Your instructions.
Copy task. Retype the whole listing exactly, omitting any picture in it.
**** Collected material ****
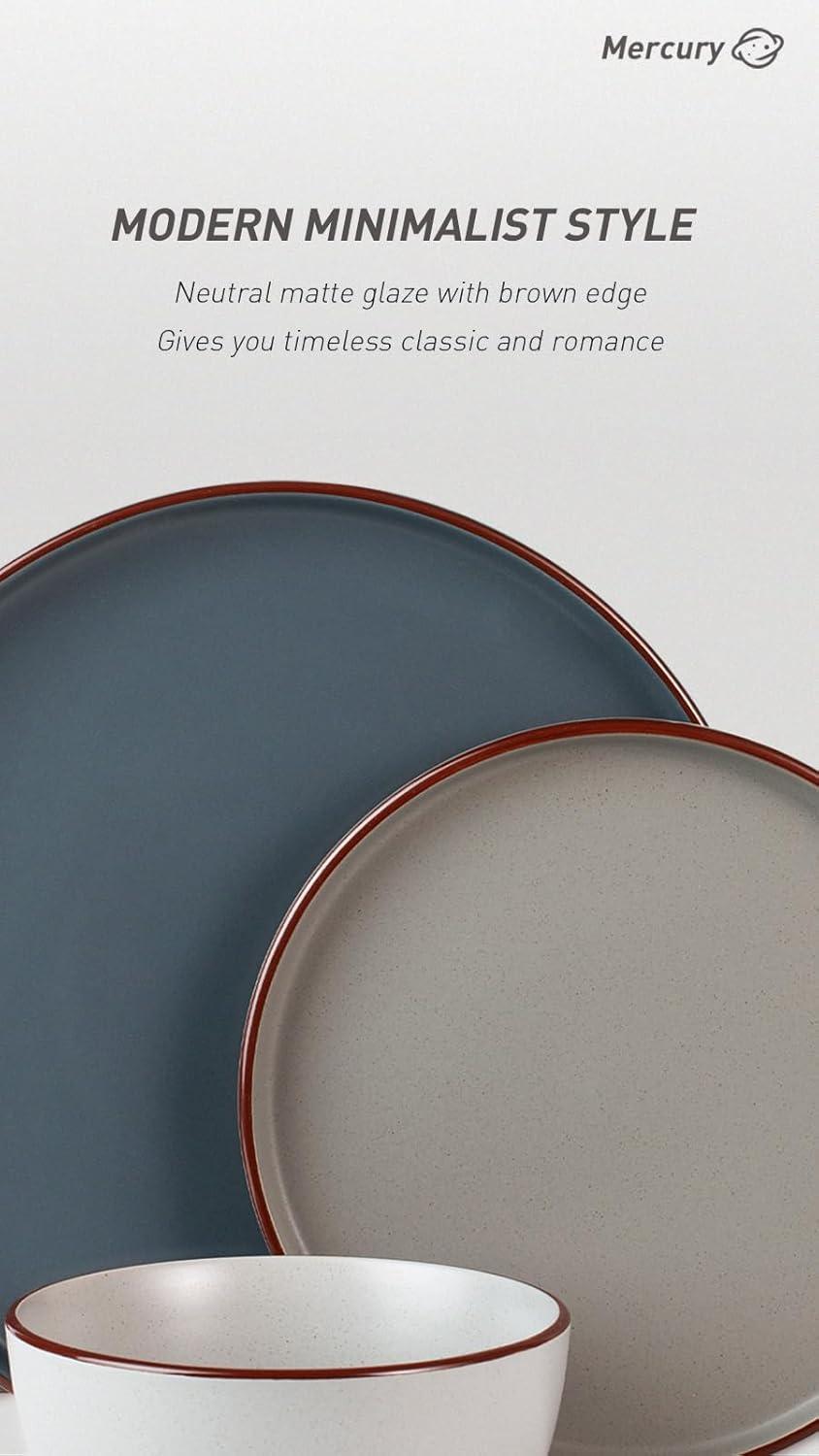 12 Pieces Stoneware Dinnerware Sets, Dishes Set for 4, Microwave and Dishwasher Safe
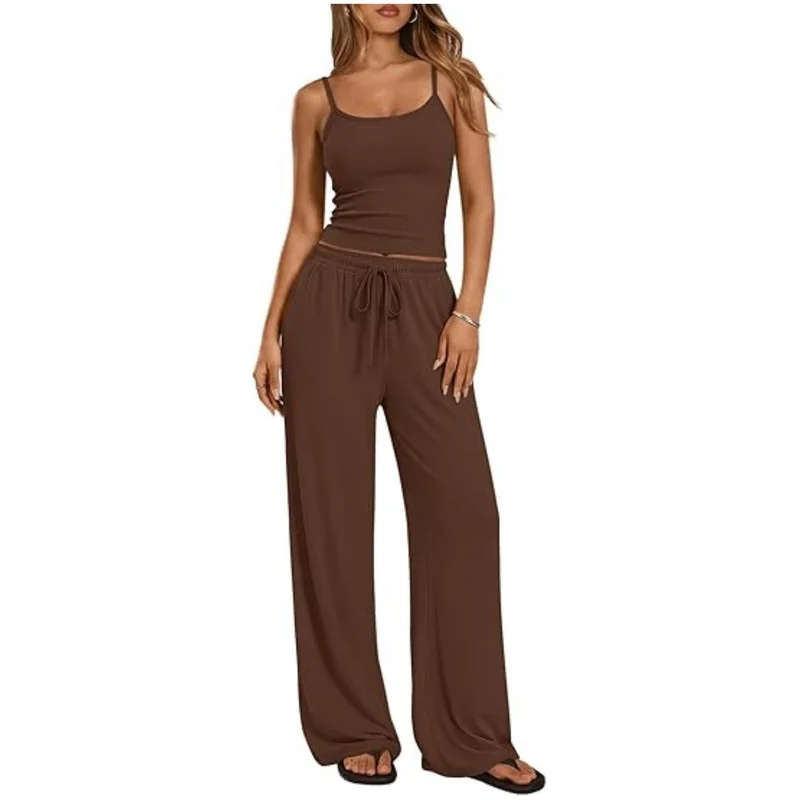 Damen Loungewear-Set aus weichem Viskose-Mix mit Spaghettiträgertop und weiter Jersey-Hose Drune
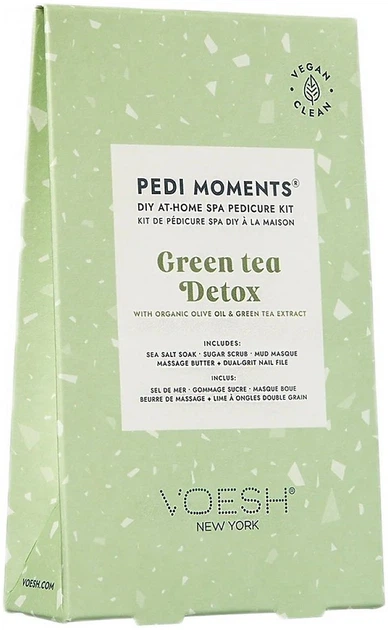 Набір для догляду за ногами Voesh Pedi Moments Green Tea Detox Морська сіль 35 г + Цукровий скраб 25 г + Грязьова маска 25 г + Масажне масло 15.5 г + Пилка для нігтів (818463023081) - зображення 1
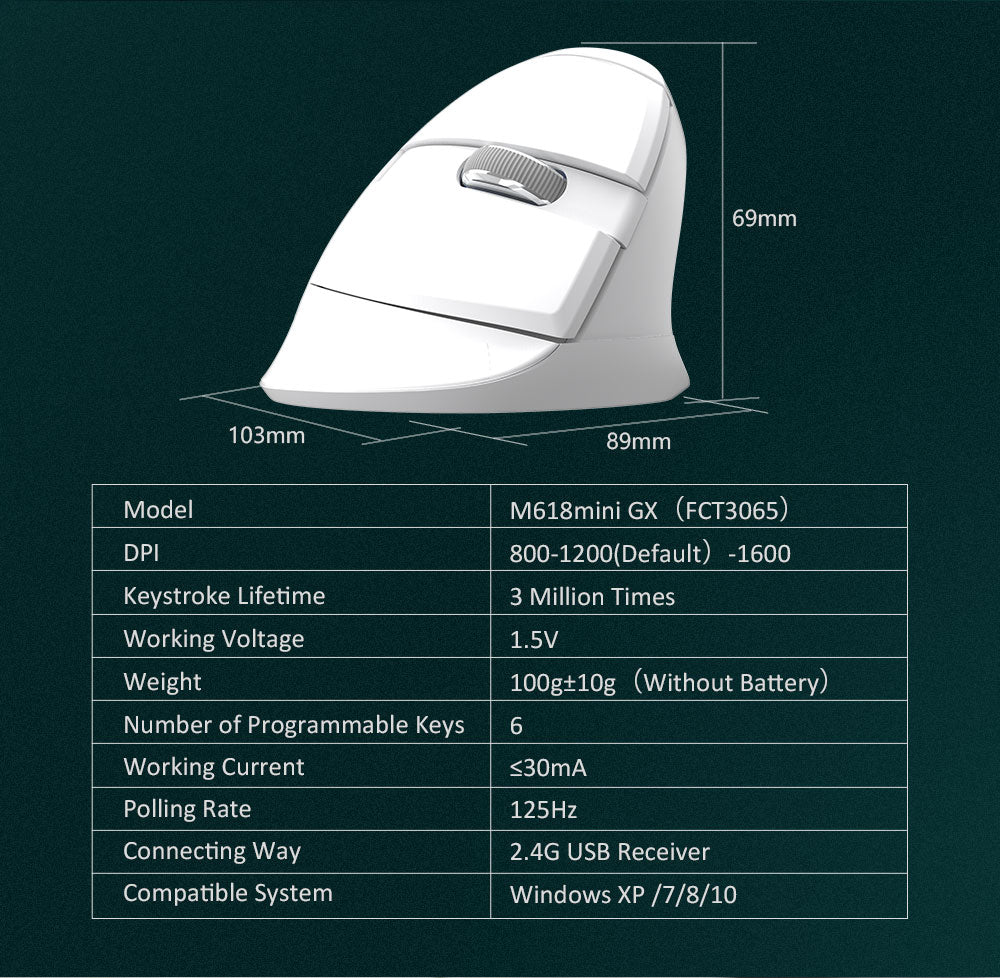 Ratón vertical inalámbrico M618mini, colorido, Bluetooth, modo Dual, ergonómico para ordenador portátil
****
Answer box.
 12 Pieces Stoneware Dinnerware Sets, Dishes Set for 4, Microwave and Dishwasher Safe
 Damen Loungewear-Set aus weichem Viskose-Mix mit Spaghettiträgertop und weiter Jersey-Hose Drune
 Набір для догляду за ногами Voesh Pedi Moments Green Tea Detox Морська сіль 35 г + Цукровий скраб 25 г + Грязьова маска 25 г + Масажне масло 15.5 г + Пилка для нігтів (818463023081) - зображення 1
 Ratón vertical inalámbrico M618mini, colorido, Bluetooth, modo Dual, ergonómico para ordenador portátil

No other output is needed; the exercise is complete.